Friday, April 13, 2012

Long Live The Queen

Le Carrefour de l’Arbre is a cobbled farm track which indirectly links the two villages of Camphin-en-Pevele and Gruson, near Lille in northern France. I imagine on most days it would be deserted, alone and unseen from no more than a few metres across the flat agricultural landscape, especially when the crop is high. You’d definitely see tractors or other farm vehicles bouncing over the uneven pavé, maybe you’d see the odd walker strolling, perhaps with a dog, there may even be a cyclist going who-knows-where, clattering noisily over the widely spaced and uneven stones. All in all though, I guess it’s a quiet place, foreboding under the heavy skies of winter, joyous when the skylarks sing above. This is one of many such quiet tracks in this part of northern Europe, though this and some others are lovingly maintained by a dedicated group who are committed to their upkeep. Why? Because this is hallowed ground. For these are the cobbles of one of the World’s most famous and arduous bicycle races: Paris-Roubaix. The Queen of the Classics. The Hell of the North. 

If you were to walk along the Carrefour de l'Arbre on the morning of the second Sunday in April you would see little different from any other day. There will be fabric advertising barriers fluttering in the spring wind on the right-angled bend half way along, and outside the Restaurant de l’Arbre there will be sponsor’s flags and perhaps an intimidating looking doorman. There are likely to be a few small groups of people setting themselves up for the day ahead. Deck chairs erected at prime viewing points, the odd barbecue if the weather is favourable, packed lunches, flasks of coffee and bottles of beer. Some will be wearing cycling jerseys or cloth cycling caps - casquettes - their peaks turned up, emblazoned in the colours of their favoured rider or team. But it will be quiet still. Stand a moment and you will feel the atmosphere whipping across the cobbles like the breeze which bends the short green shoots of winter wheat that surround you. There is soul here. There is history to be revered and you will feel it. Do not compare this to standing in a football stadium hours before kick-off, or even in such an atmospheric place as Lord’s Cricket Ground at 9am on the Saturday of a Test Match. This is so much more intense for so much longer before the event. This place brings flutters of excitement for hours, the depth of anticipation building to a crescendo before, at last...

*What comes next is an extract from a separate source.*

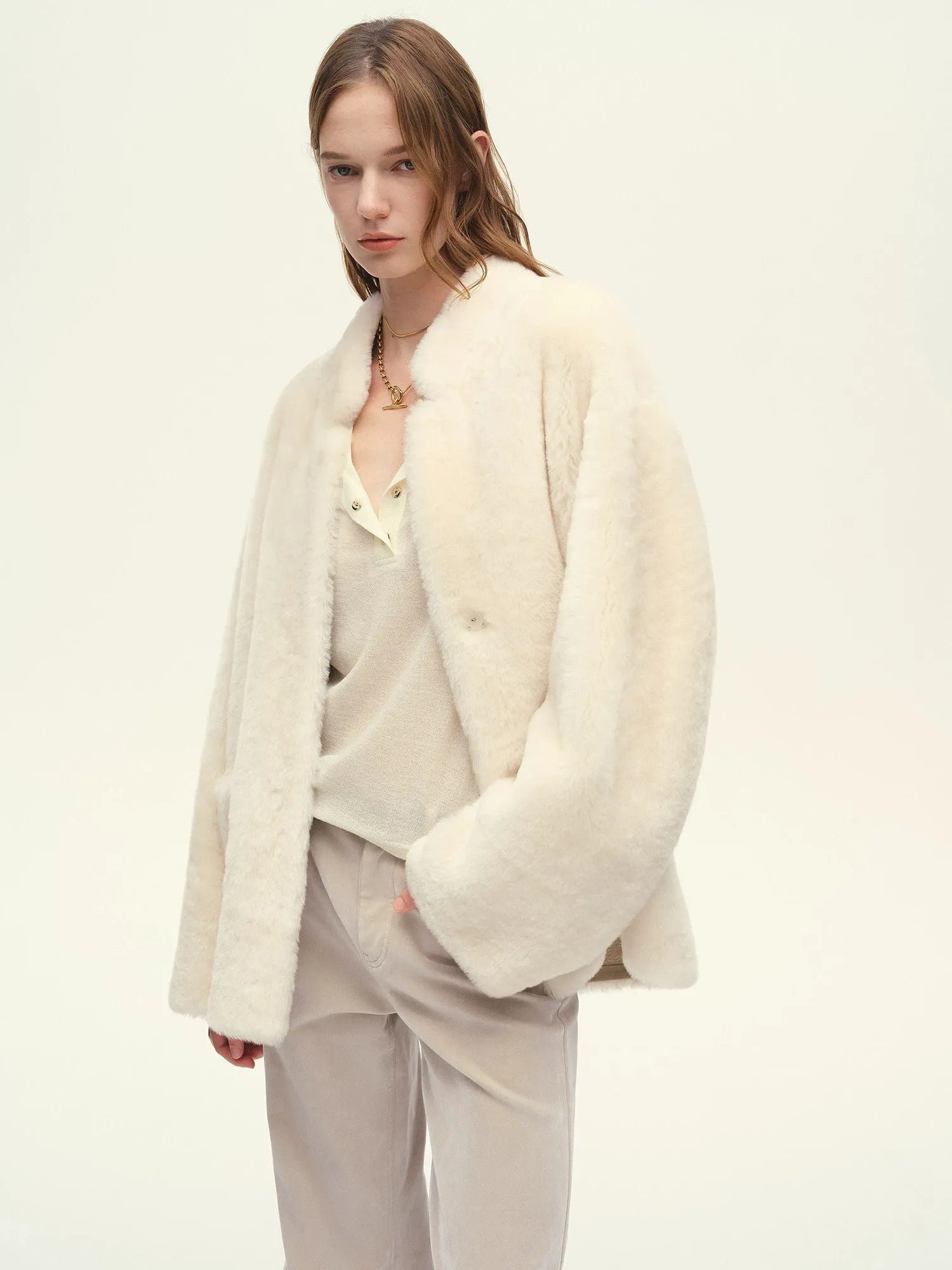 Firelady Fur Women's South African Loman Shearling Coat – Mid-Length Stand Collar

First run in 1896, Paris-Roubaix is one of the five Monuments of road racing, one day races which have entered into legend and captured the hearts and imaginations of fans. Many of the top riders of history have tackled and failed to conquer these races. The careers of those that win are defined, reputations and fortunes made. Roubaix is a small town just outside the city of Lille in the industrial north of France, the French part of Flanders. It was born after two Roubaix businessmen decided a road race from Paris would be the ideal way to publicise the Velodrome that they had constructed in their home town. They initially proposed holding the race on Easter Sunday, but relented under pressure from the church, and the first race happened two weeks later, though the event did take place at Easter during subsequent years. In the modern, globalised world of cycling it has found its place on the second Sunday of every April, the last race in a series of cobbled events in Flanders and the only Monument in France.

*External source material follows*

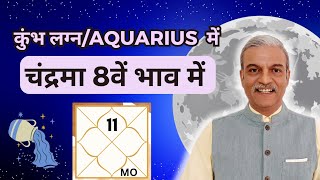 Moon in 8th house for Aquarius ascendant horoscope - Kumbh Lagna me Chandra 8th house me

The race’s history is littered with legend and stories of derring-do, but also of luck and tactical nous. Last year was a victory for tactics: everyone feared Swiss rider Fabian Cancellara following his strong showing in the preceding weeks, so no-one was willing to help him bring back the break away. It was left to Belgian, Johan Van Summeran to ride into the velodrome alone and lift the mounted cobble stone which acts as a distinctive and very apt trophy. In one of those legendary rides, Cancellara had shown his strength the year before, attacking with 40kms left to race. He rode on alone for a victory so remarkable it sparked accusations that he had an engine fitted somewhere on his bike! Cancellara would have been one of the favourites for the this year’s race had it not been for a quadruple fracture of his collar bone sustained during last week’s Tour of Flanders, a race won by the man the pundits predicted as his main rival, Belgian Tom Boonen.

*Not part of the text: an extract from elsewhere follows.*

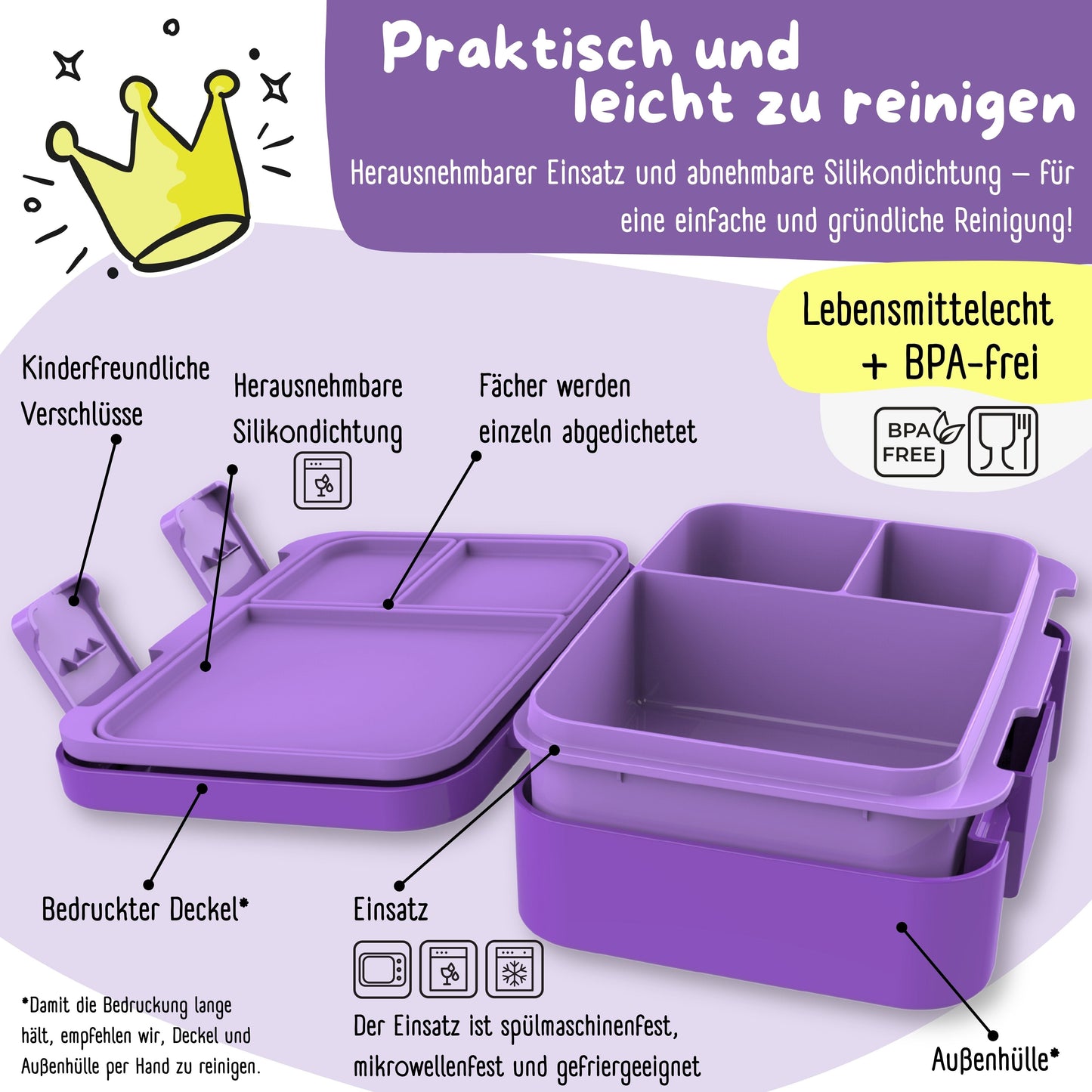 Lunch Box with Compartments, Leakproof - Butterfly GLOW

Belgians have dominated the race throughout it’s history, winning 54 editions of Paris-Roubaix, and Boonen started this year’s race hoping to join his compatriot Roger de Vlaeminck as the only men to have won the race four times. De Vlaeminck’s wins came in the 1970s, during a period of 10 successive Belgian wins, including those by the great Eddy Merckx. Despite all that Belgian dominance, only two men have won three consecutive races; Frenchman Octave Lapize in 1909, 10 and 11, and Francesco Moser of Italy from 1978 on.
The race now winds through the countryside, seeking the stretches of cobbles that give the it its character, though it wasn’t always like that, initially it was run on main roads, though those of the day were either muddy tracks or cobbled. After World War 2, as France began rebuilding herself, these stretches of cobbles were replaced by asphalt and the race was in danger of losing the very thing which made it special, as the number of kilometers on asphalt increased. At one stage local towns wanted nothing to do with it, thinking that its passing would only highlight their old and rutted streets, so if the race was due to pass through, they would Tarmac over the hallowed cobbles. Now it is the very opposite. Town Mayors regularly contact the race and the keepers of the cobbles, a charity called Les Amis de Paris-Roubaix, telling them of new found cobbled roads. The stretches of pavé are cherished by the race and les amis, who not only find new stretches, but maintain the ones the race already uses. Only this year, one of the hardest, roughest pieces of road, where the race can very definitely be lost, if not won, was under threat. It was feared that the Trouée d’Arenberg had become so covered in moss to be unsafe for the riders to pass, especially if wet. Step in les amis de Paris-Roubaix, who scoured and cleaned the road, ensuring its 2.4 kilometres remained among the 51.5 of cobbles in the 257km race.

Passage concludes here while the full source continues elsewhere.